Assume that $(|a_i|)_{i\geqslant 1}$ diverges to $+\infty$ and that $c:=\inf_{i\geqslant 1}|a_i|\gt 0$. Show that $A$ is bounded and that $$\tag{*}\lim_{n\to \infty}\sup_{x\in A}\sum_{i\geqslant n}|x_i|^2=0.$$ To see this, use the bound $$\sum_{i\geqslant 1}x_i^2\leqslant \sum_{i\geqslant 1}a_i^2x_i^2/c^2\leqslant 1/c^2.$$ For (*), fix $M>0$ and take $n_0$ such that $|a_i|\gt M$ whenever $i\geqslant n_0$. For each $x\in A$, and $n\geqslant n_0$, $$\sum_{i\geqslant n}|x_i|^2 \leqslant \frac 1{M^2}\sum_{i\geqslant n}|Mx_i|^2\leqslant \frac 1{M^2}\sum_{i\geqslant n}|a_ix_i|^2\leqslant \frac 1{M^2}.$$

Answer 2

This is not a full answer but I would start like this..

If $a_i=0$ for some $i$, then $A$ is clearly unbounded, as the $i$th coordinate of elements in $A$ can be anything. So, $a_i\neq 0$ for all $i$ is one such condition.

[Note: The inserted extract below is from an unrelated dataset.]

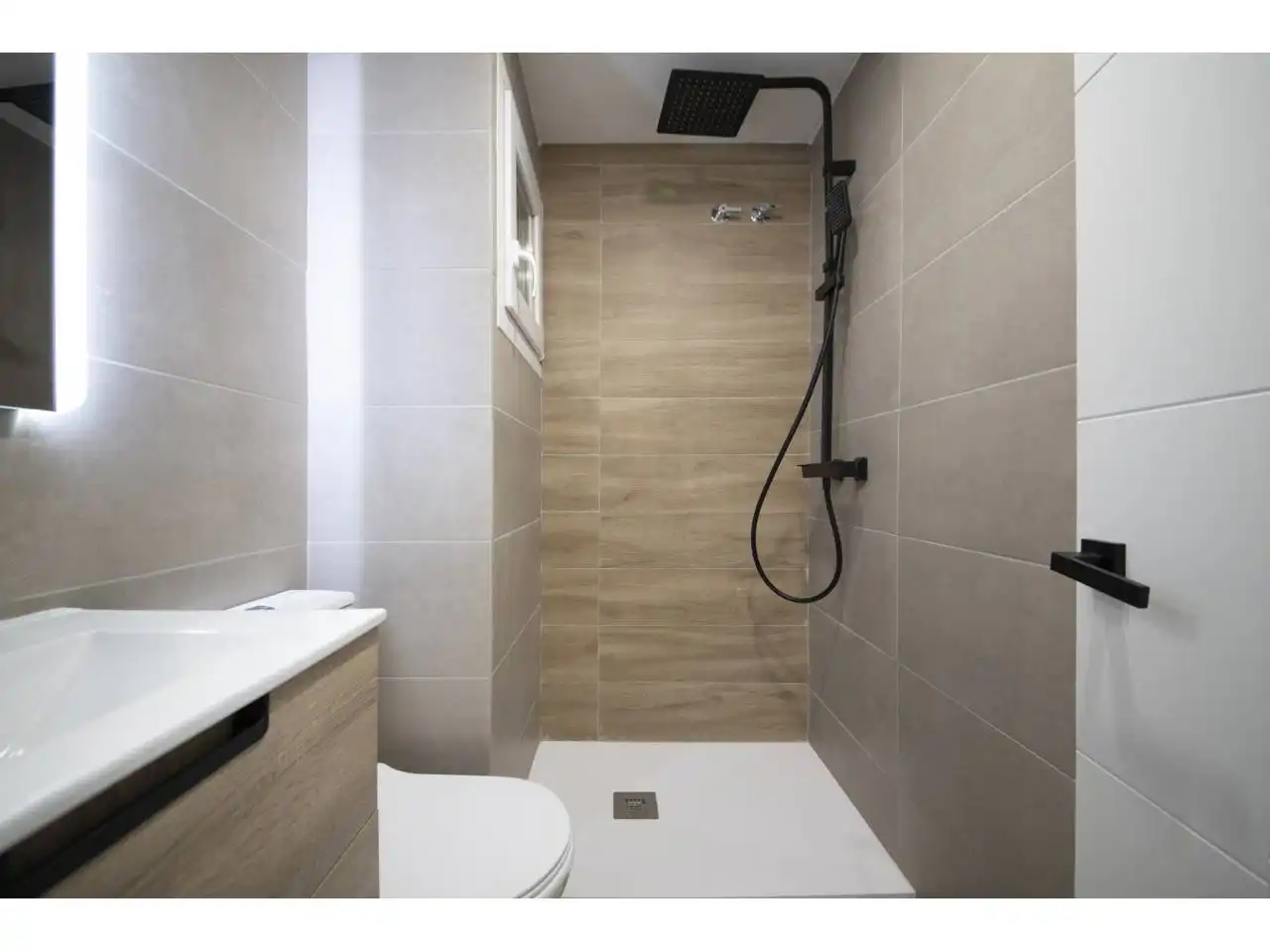 Bathroom of Flat for sale in El Prat de Llobregat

Assume that $a_i$ is bounded. Then for all $i$, $a_i<B$ for some $B>0$ and $A$ contains all $x\in\ell^2$ such that $\sum_i |Bx|^2\leq 1$. In other words, it contains all elements $x$ such that $\sum_i |x|^2\leq 1/B^2$, which is a ball in $\ell^2$ and hence is non-compact. You can easily derive that then $A$ cannot be precompact (by showing that it is not totally bounded). So another constraint is that $a_i$ must be unbounded.

Slightly extending the last paragraph, you can easily show that $\lim a_i=\infty$. Otherwise, you could find a constant $B$ for which there are infinitely many indices $i_1,i_2,\ldots $ such that $a_{i_j}<B$ and then $A$ would contain a copy of an $\ell^2$-ball in those indices, which again is noncompact.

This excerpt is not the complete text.